- Education: University of Tennessee at Martin
- Occupation: Businessman
- Title: Executive Chairman of AutoZone, Inc.

= William C. Rhodes (businessman) =

American businessman

William C. Rhodes III is the Executive Chairman and former President and Chief Executive Officer of AutoZone, Inc.

Rhodes is a graduate of the University of Tennessee at Martin with an accounting degree. He also earned a master of business administration degree from the University of Memphis.

== Education ==
Rhodes graduated from Craigmont High School, Memphis, TN and the University of Tennessee at Martin where he was on the golf team.

== Career ==
=== AutoZone ===

William C. Rhodes III began his career at AutoZone in 1994. Before this, he was a manager at Ernst & Young LLP. He was President and Chief Executive Officer of AutoZone, Inc., a Fortune 300 company. He was named to those positions on March 13, 2005, following more than 12 years with the company where he served in a variety of executive-level roles. In 2007, he was named chairman of the company. In January 2024, Rhodes stepped down as president and CEO of AutoZone and assumed the role of Executive Chairman.

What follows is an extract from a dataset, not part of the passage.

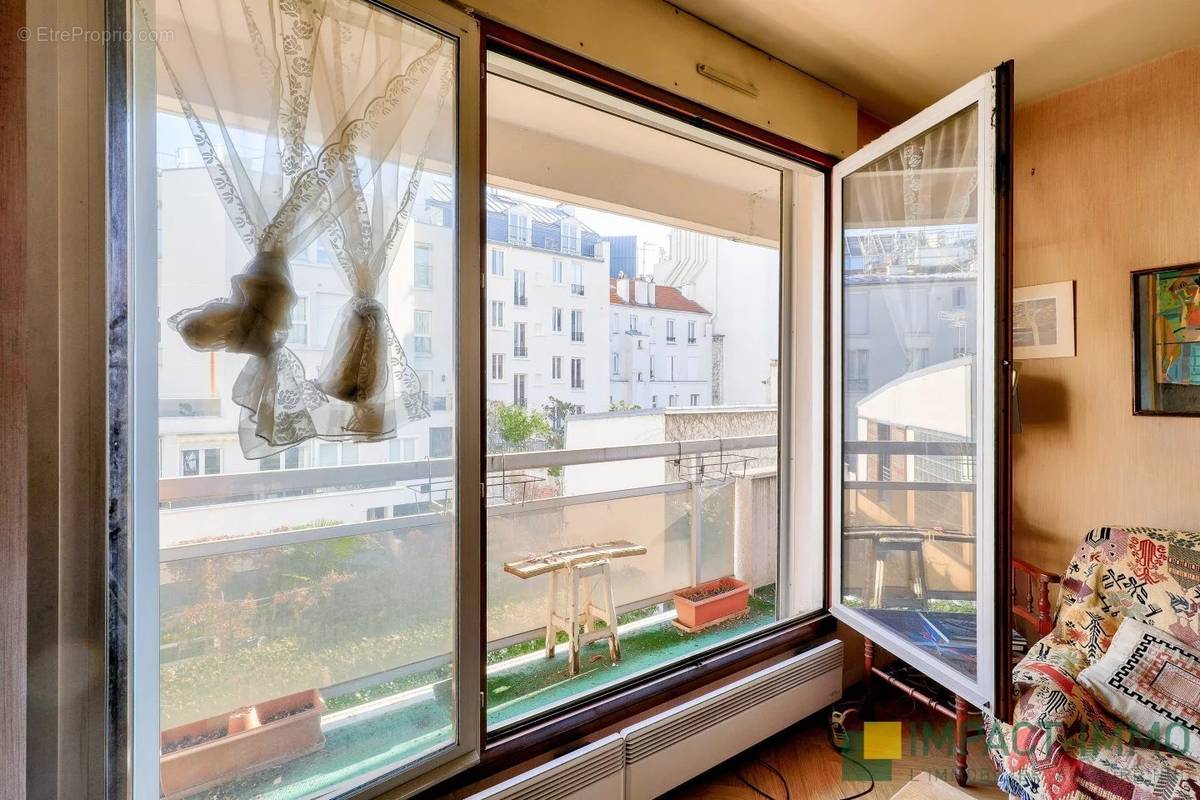 Appartement à LEVALLOIS-PERRET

According to annual proxy filings with the United States Securities and Exchange Commission, Rhodes's 2005 compensation from AutoZone totaled over US$8.5M. While CEO of AutoZone in 2009, Rhodes earned a total compensation of $3,052,765, which included a base salary of $752,385, a cash bonus of $1,017,977, stocks granted of $21,270, options granted of $1,138,717, and other compensation totaling $122,416. Business Insider listed him as one of the 25 most underpaid CEOs in 2010. He was among the best-performing CEOs in 2014 and among the highest-paid CEOs in 2016. In 2023, Rhodes's total compensation at AutoZone was $18.8 million, or 705 times what the median employee at AutoZone earned that same year.

== Other work ==

Rhodes is a former board member of Dollar General. He is also a director at the Retail Industry Leaders Association. Tennessee Governor Bill Haslam nominated Rhodes among others to the University of Tennessee's Board of Trustees, who was eventually approved.

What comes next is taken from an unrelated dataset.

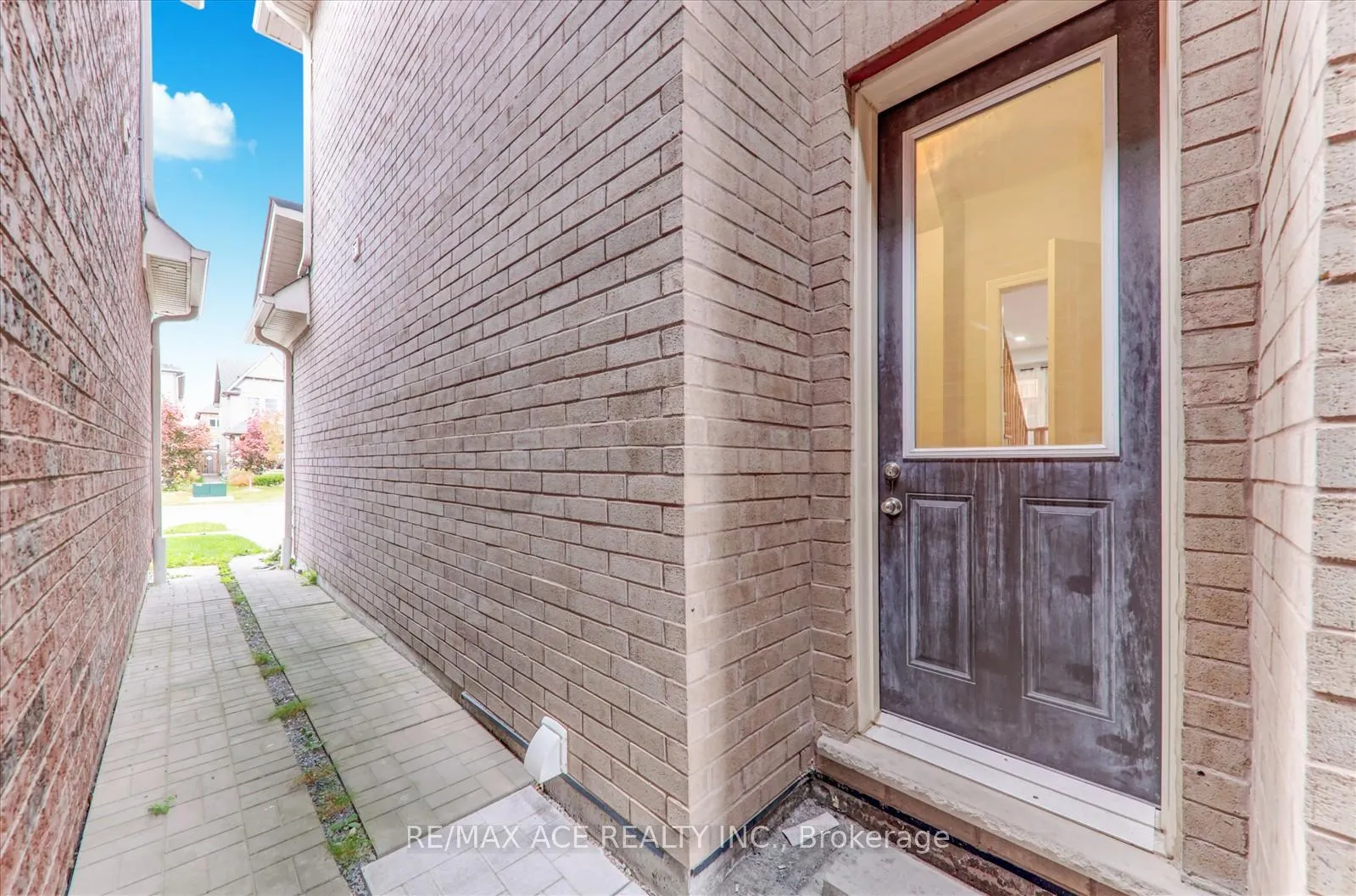 Photo 27 of 205 South Ocean Drive, Oshawa, Windfields — HOMEH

Acting as a representative for other CEOs during a meeting between these CEOs, Rhodes, and President Donald Trump, Rhodes expressed concern over whether specific policy shifts would affect "our industry, our employees and American working families." He also expressed concern that tariffs enacted by Trump did not "shock" customers.

Rhodes is politically active and contributes to political races, including the reelection campaign for Governor Charlie Baker of Massachusetts in 2018 and George Flinn in West Tennessee's Eighth District in 2016.